Non sono molte le questioni problematiche aperte dalla riforma in relazione alle modifiche introdotte in materia di indagini preliminari. Certamente quelle più evidenti investono le modalità con le quali dichiarare l’incapacità dell’indagato, ma, soprattutto, il rispetto della disciplina dei termini entro cui devono essere definiti i procedimenti e quella dell’avocazione. V’è da dire che è sicuramente questo un punto qualificante della riforma, che muove dalla constatazione della grave inerzia degli uffici del p.m. in questo segmento procedurale, come dimostra il fatto che lo stesso Parlamento abbia impegnato il Governo ad «un monitoraggio sin dalle prime applicazioni della legge al fine di verificare l’adeguatezza delle misure organizzative poste in essere dagli uffici delle Procure presso i Tribunali e delle Procure generali finalizzate all’attuazione della normativa»8.

Note

1 Cfr., amplius., Gialuz, M.Cabiale, A.Della Torre, J., Riforma Orlando: le modifiche attinenti al processo penale, tra codificazione della giurisprudenza, riforme attese da tempo e confuse innovazioni, in Dir. pen. cont. – Riv. trim., 2017, fasc. 3, 2 ss.

2 Per ulteriori problemi, Giarda, A., Le nuove indagini preliminari: rinforzo di garanzie ed accelerazioni funzionali, Dir. pen. e processo, 2017.

3 Spangher, G., Gli “eterni giudicabili”, in La riforma Orlando. Modifiche al Codice penale, Codice di procedura penale e Ordinamento penitenziario, a cura di G. Spangher, Pisa, 2017, 102.

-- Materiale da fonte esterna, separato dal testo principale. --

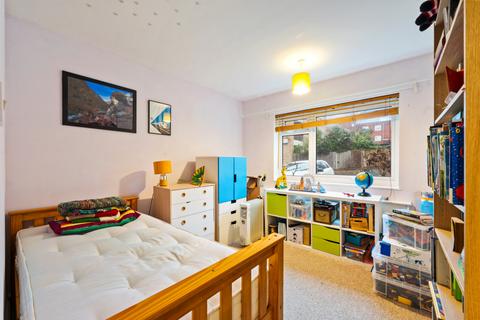 2 bedroom apartment to rent, Queens Road, Kingston upon Thames, KT2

4 Cfr., Parodi, C., Riforma Orlando: tutte le novità, Milano, 2017, 58; Spangher, G., Elezione di domicilio presso il difensore d’ufficio, in Spangher, G., La riforma Orlando, cit., 106.

5 Così, Parodi, C., Riforma Orlando, cit., 41.

6 V., Giarda, A., Le nuove indagini preliminari, cit.

7 Marandola, A., Termini per l’esercizio dell’azione penale e avocazione del Procuratore Generale, in Spangher, G., La riforma Orlando, cit., 1073.

8 Cfr., Odg n. 9/4368/53, Rossomando, Palese.